Amazon launched its Cloud Player yesterday which, as Wired explains,
can stream your music library to any web browser or Android mobile device. Cloud Player also allows you to download files and create playlists through its web-based interface.
So Amazon lets you store your music on a remote hard drive and stream it to local devices? Sounds pretty straightforward. Of course, the record labels don’t think so. From Ars Technica:
We wondered aloud how Amazon managed to strike such an impressive licensing deal with the record labels, given the fact that Apple seems to still be working out the details for its own digital locker service. It turns out that Amazon hasn’t struck a deal, and seems to be hoping that the record companies will be the ones to blink.
“[W]e do not need a license to store music in Cloud Drive,” Griffin added in an e-mail to Ars. “The functionality of saving MP3s to Cloud Drive is the same as if a customer were to save their music to an external hard drive or even iTunes.”
That’s certainly not what the music industry seems to think, though—at least in regards to Cloud Player. In an interview with Reuters, Sony Music spokesperson Liz Young said the company hoped for a license deal but that it was keeping its “legal options open.”
Amazon certainly has made a gutsy play here. The major labels are currently embroiled in a lawsuit against MP3tunes for providing essentially the same service as Amazon. According to an amici curiae brief (PDF) in that case, the primary legal issue turns on whether or not Internet streaming necessarily constitutes a “public performance” (which would violate copyright owners’ rights unless licensed). There is a powerful argument that it does not:
MP3tunes does not transmit music to the general public, nor to all of its subscribers. A particular work in a particular locker will only be transmitted to a user who has placed it there—in other words, after he or she has averred to MP3tunes that she either legally owns the file and have uploaded it to her locker, or that she has legal authorization to access the file on the Web and has sideloaded it into her locker. The subset of MP3tunes users who have uploaded or sideloaded any one particular track (and thus have stated to MP3tunes that they are authorized to do so) still falls far short of the “public” required by the transmit clause.

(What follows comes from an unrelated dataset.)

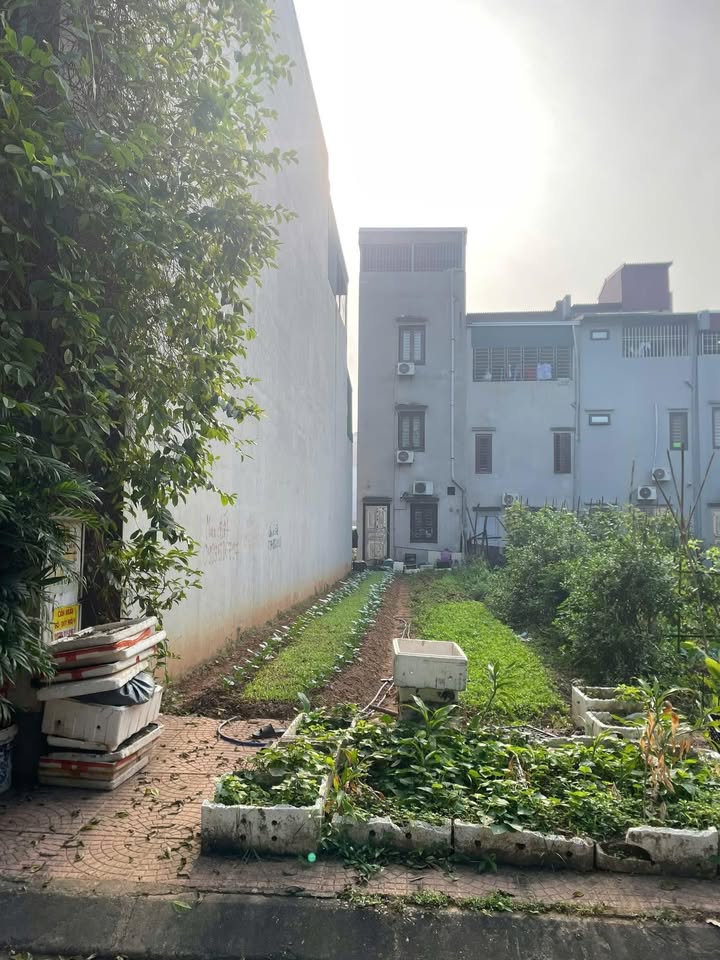 Lô đất Giãn Dân Bãi Nếp, Võ Cường, Bắc Ninh 98.9m² - Sổ đỏ chính chủ, giá thương lượng!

Of course, the simple fact that it has become necessary to make this legal argument illustrates just how broken copyright law is. The statute is long, complicated, and muddled enough to lend at least some plausibility to virtually any argument imaginable. Even an argument claiming that storing one’s own music on a private, password-protected server for convenience violates the letter (if not the spirit) of copyright law.
Stay tuned…
Updated 3/31/2011: Ars Technica has a follow-up piece today that quotes from their interview with MP3tunes’ CEO Michael Robertson (bio from his blog):
The word “streaming” and the word “download” are nowhere in copyright law. It may be a very logical, common sense position, but all that matters is what the law says. Can you store your own music? Can you listen from anywhere? What if your wife or kids want to listen to it? All those things are completely unchartered [sic] territory.